When asked today why he chose to edit these details of his early life, Roth — who now answers only to Caspar — pauses, his voice wavering like the sound from a 1920 Victrola.
"My childhood was very tragic, very dysfunctional," he says. "Why would I want to go back and talk about those things? . . . I don't see why it's important."
It's a sentiment he takes to heart: His own children don't know his real name.
People who meet Caspar McCloud have a hard time forgetting him. When his name comes up 30 years after auditioning for a role in Beatlemania, actors from the original production fall over each other trying to describe the man.
"This guy was — and still is — one of the weirdest side stories to the Beatlemania saga," says actor Lenie Colacino, who played Paul McCartney.
In 1979, two years after the show opened, Beatlemania was still selling out most nights. Producers decided to take the show on the road. Every Thursday they held open casting calls to fill the extra spots — for the touring production, not the Broadway version, as Caspar claims.
It was a warm spring day when McCloud showed up for his audition. He ambled straight up to the director. Hello, he said, I'm Caspar McCloud. I'm from England, and I'm here to audition for the role of John Lennon.
Cast members rolled their eyes. "I instantly recognized him as a fraud," Colacino says.
The biggest giveaway was McCloud's voice. It was peanut-butter thick and sounded like a cross between Prince Charles and Kenny Chesney. "His speech and enunciation was suspiciously unlike any [we] had ever heard before," recalls actor Glen Burtnik.
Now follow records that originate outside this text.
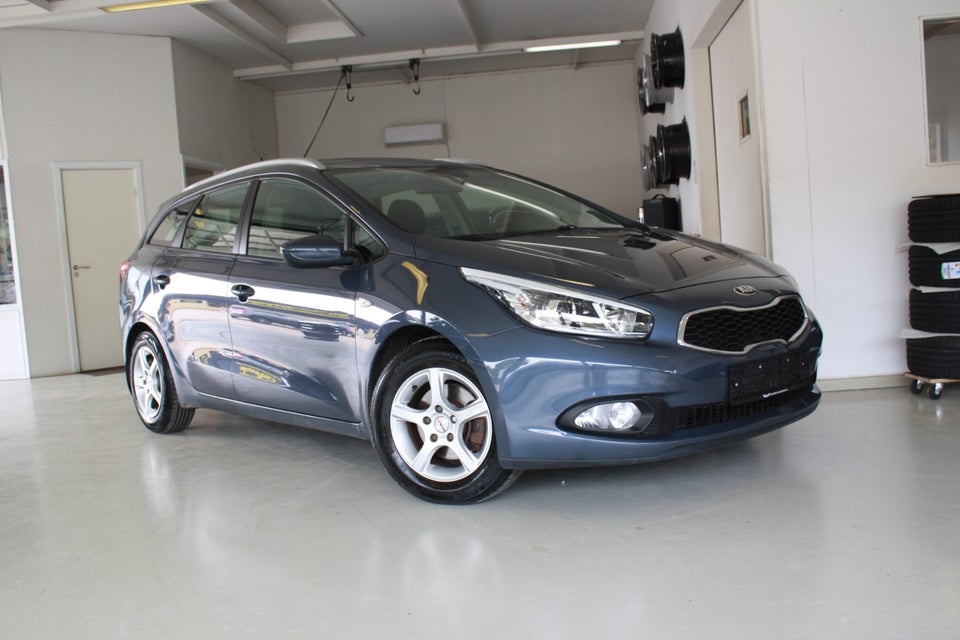 Kia Ceed 1,6 GDi Active SW 5d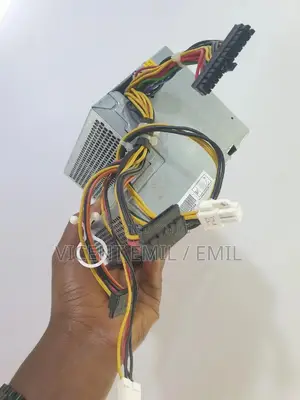 Dell Power Supply Small Connectors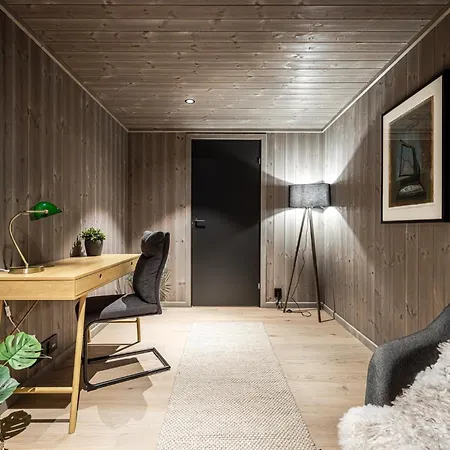 Fjellandsbyen Ski-in Ski-out Appartement Hemsedal
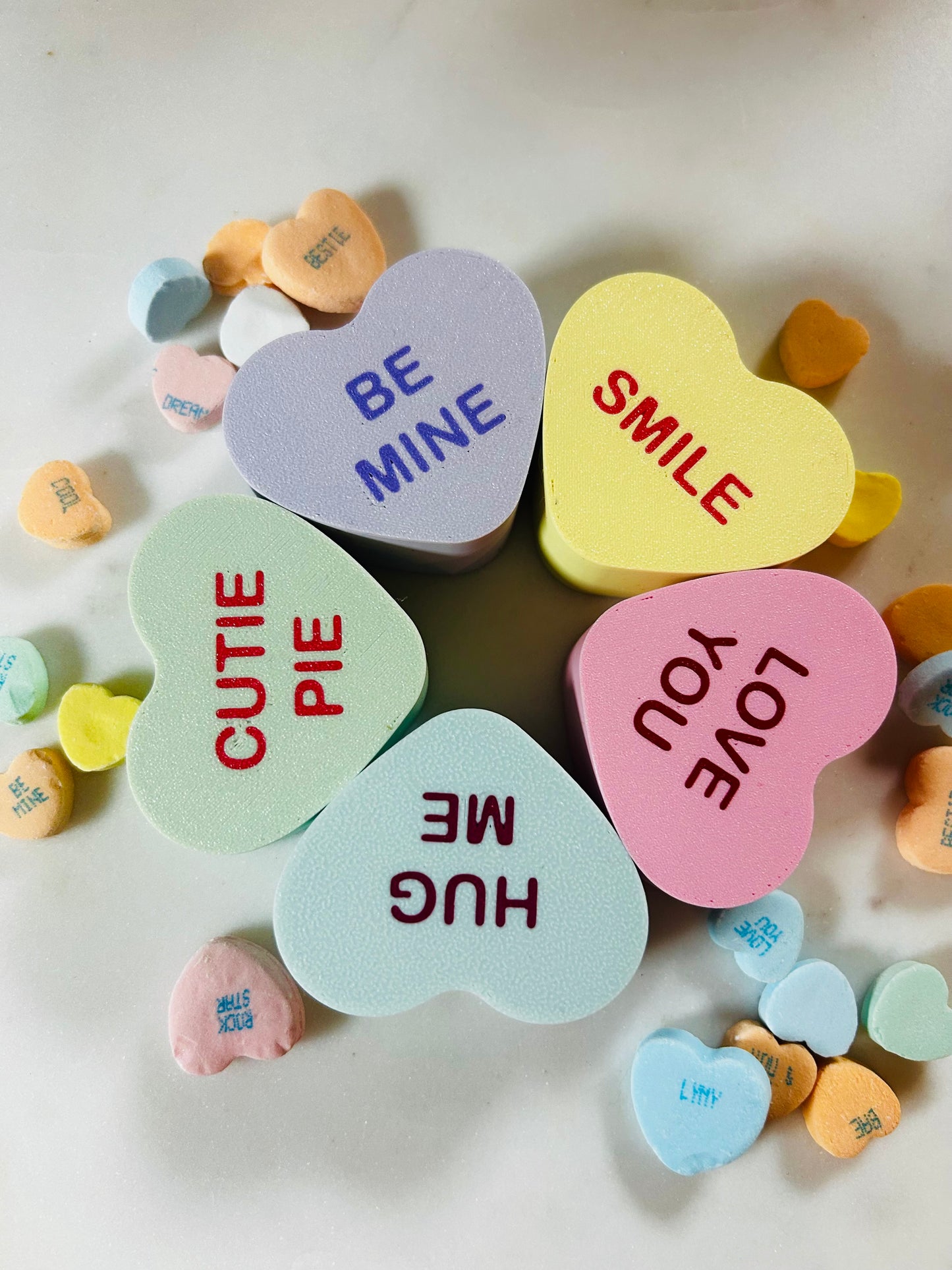 Conversation Heart Trinket Box-Small – Valentine’s Day Gift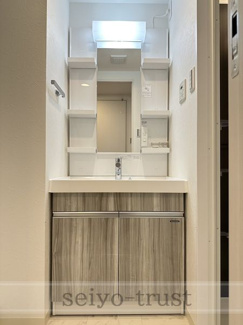 【独立洗面台】 | ブランシエスタ河原町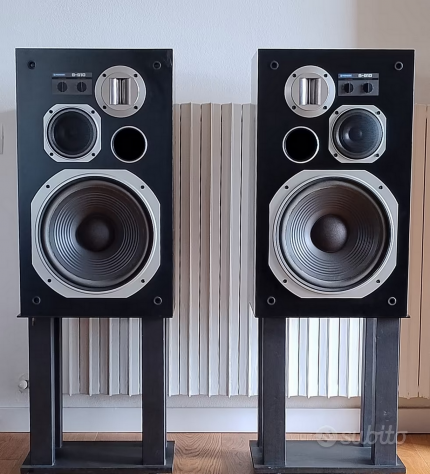 Pioneer S-910 diffusori HI FI vintage 1983 - Foto 6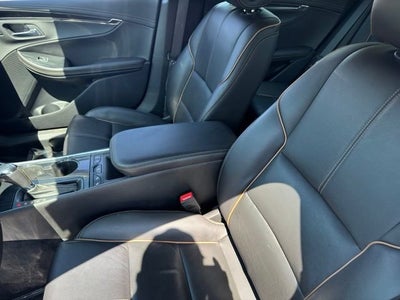 2016 Chevrolet Impala LTZ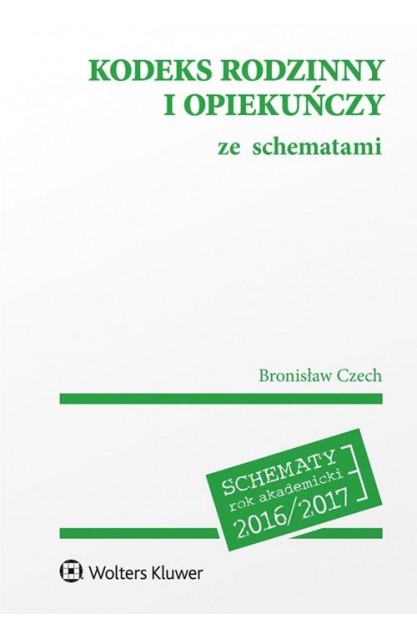 Kodeks rodzinny i...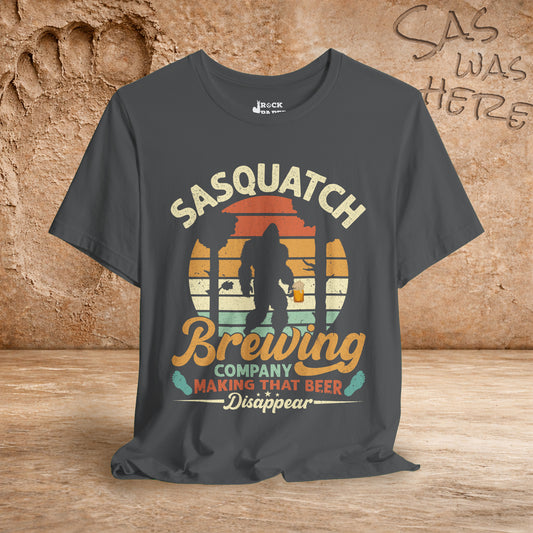 Sasquatch Brewing Company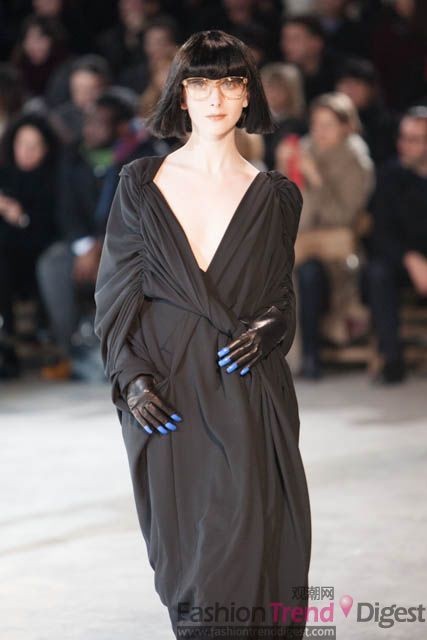 Yohji Yamamoto 2013...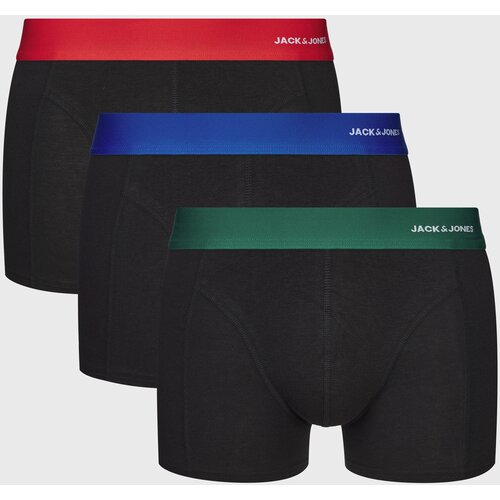 Jack & Jones 3PACK Bambusove boksarice JACK AND JONES Lucas Cene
But McCloud impressed the director with his bravado and was hired on a temporary basis. The cast was surprised, but not shocked. "He had a very cool look about him, and sometimes in this business, it's all about how you sell yourself," Colacino says.
But McCloud — or "Cas-puhh," as the cast came to mockingly call him — never made it past early rehearsals. Colacino claims that the wannabe rocker couldn't carry a tune.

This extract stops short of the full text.